Below is a link to Jim Thompson’s website. Go to his “Device Models & Subcircuits” page if you want to download his model for the AD633. (This is only necessary if you plan to use the AD633 in your own circuits.) Check out all the other interesting things Jim has as well.
RÖSSLER’S HYPERCHAOTIC EQUATIONS
In 1979, Otto Rössler developed a set of four equations that described an autonomous “hyperchaotic” system.
The word “hyperchaotic” means that the system of equations must be at least four-dimensional (four variables). In addition, there must be two or more positive Lyapunov coefficients and the sum of all the Lyapunov coefficients must be negative.
The hyperchaotic set of equations that Rössler devised was:
dx/dt = -y -z
dy/dt = x + 0.25y + w
dz/dt = 3.0 + xz
dw/dt = -0.5z + 0.05w
Notice that the only nonlinearity is the xz term in the third equation.
Glen Kleinschmidt also has simulated Rössler’s hyperchaotic system. These files, too, are available on his website.
The Rössler hyperchaotic strange attractor I obtained when using Glen’s files with LTspice is shown below.
(Click on the image to enlarge it.)
AN IMPORTANT DIFFERENCE
It is important to note that when simulating or constructing Chau’s circuit, we are working with an actual oscillator electronic circuit.
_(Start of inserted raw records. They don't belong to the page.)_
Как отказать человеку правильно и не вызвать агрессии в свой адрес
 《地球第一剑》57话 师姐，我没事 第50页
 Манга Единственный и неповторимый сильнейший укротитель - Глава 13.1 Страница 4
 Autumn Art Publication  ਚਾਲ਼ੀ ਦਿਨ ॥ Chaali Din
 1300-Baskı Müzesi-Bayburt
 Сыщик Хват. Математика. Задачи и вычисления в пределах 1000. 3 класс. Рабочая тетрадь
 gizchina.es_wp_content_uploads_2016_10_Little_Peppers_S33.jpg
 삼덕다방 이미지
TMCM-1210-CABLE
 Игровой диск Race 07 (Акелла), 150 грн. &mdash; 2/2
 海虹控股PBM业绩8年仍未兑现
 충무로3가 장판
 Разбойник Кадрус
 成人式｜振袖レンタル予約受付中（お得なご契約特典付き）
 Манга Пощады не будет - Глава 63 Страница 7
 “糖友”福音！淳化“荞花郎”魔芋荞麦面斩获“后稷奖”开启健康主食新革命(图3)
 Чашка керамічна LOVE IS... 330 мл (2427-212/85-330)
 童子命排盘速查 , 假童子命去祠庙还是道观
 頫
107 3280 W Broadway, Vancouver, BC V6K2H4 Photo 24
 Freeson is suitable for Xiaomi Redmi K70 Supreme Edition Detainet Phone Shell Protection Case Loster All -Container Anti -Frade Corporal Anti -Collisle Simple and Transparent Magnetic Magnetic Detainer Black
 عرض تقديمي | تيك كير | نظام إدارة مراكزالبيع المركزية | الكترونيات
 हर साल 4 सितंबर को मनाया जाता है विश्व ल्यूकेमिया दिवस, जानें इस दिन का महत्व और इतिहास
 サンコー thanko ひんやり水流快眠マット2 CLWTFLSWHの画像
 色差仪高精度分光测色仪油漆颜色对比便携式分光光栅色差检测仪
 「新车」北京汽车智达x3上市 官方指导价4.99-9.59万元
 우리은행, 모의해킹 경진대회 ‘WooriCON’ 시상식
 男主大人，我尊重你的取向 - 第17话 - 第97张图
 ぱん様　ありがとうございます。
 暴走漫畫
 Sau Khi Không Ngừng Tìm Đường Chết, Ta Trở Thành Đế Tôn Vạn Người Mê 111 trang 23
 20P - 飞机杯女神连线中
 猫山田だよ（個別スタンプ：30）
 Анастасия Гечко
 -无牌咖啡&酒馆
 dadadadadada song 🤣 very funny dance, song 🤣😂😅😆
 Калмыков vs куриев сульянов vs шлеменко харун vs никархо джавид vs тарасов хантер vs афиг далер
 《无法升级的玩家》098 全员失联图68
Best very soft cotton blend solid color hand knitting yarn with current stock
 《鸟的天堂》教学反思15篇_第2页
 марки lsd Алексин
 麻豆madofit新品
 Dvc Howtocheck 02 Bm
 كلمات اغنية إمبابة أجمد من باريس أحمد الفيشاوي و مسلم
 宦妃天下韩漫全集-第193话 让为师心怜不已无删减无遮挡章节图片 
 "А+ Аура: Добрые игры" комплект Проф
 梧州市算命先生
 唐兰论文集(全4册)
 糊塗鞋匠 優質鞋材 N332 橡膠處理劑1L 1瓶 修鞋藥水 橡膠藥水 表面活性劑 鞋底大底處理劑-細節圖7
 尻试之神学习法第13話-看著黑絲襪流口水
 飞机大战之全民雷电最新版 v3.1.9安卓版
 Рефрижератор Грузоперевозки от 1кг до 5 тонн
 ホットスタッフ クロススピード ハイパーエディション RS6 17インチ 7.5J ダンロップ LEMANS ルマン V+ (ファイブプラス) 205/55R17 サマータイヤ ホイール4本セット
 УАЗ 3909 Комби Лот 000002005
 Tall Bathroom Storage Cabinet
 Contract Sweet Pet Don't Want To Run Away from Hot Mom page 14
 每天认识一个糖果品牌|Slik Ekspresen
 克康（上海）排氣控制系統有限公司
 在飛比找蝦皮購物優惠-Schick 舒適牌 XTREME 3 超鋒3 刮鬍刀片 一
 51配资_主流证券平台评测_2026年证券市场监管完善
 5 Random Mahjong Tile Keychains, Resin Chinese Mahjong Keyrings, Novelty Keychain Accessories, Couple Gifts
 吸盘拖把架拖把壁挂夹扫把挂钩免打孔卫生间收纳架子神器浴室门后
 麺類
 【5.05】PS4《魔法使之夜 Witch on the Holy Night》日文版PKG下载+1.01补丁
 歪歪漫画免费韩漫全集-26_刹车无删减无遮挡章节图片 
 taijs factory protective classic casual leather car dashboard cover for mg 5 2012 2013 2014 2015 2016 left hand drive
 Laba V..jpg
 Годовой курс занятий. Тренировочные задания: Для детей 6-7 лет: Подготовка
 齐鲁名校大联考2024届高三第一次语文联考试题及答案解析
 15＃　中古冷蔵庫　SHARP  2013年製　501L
However, when dealing with the Rössler attractor, what we are simulating is an analog computer circuit which solves the Rössler equations.
There are numerous additional sets of chaos producing nonlinear differential equations that describe various other physical phenomena, rather than electronic circuits. Many of these sets of equations also can be solved by writing an analog computer program.
An analog computer program is really just an electronic circuit for solving differential equations. These circuits can be simulated using LTspice. Therefore, it is useful to take a little time to discuss analog computers. With a little practice, you, too, will be able to solve almost any set of chaotic equations using analog computer techniques.
ANALOG COMPUTERS
Analog computers were first developed in the 1930’s and were used during WWII to control such things as anti-aircraft guns on ships moving in rough seas. They were used extensively in the aerospace industry for many years (before digital computers became widely available) to solve both nonlinear as well as linear differential equations. Analog computer circuits still find many specialized uses today.
Operational amplifiers (or op-amps) are what make analog computers possible. Using op-amps, one can construct cir-cuits that perform the mathematical operations of algebraic sign reversal, addition, subtraction, multiplication, division, and also integration.
Those unfamiliar with analog computers but wishing to read an excellent introduction by Robert Paz describing how they work and are programmed are encouraged to click on the following link:
While analog computers lack the extreme accuracy and precision of digital computers, they are much easier to program. They also allow the user to change coefficient values quite simply. Analog computers, therefore, are ideal for solving many of the sets of nonlinear differential equations which describe chaotic phenomena.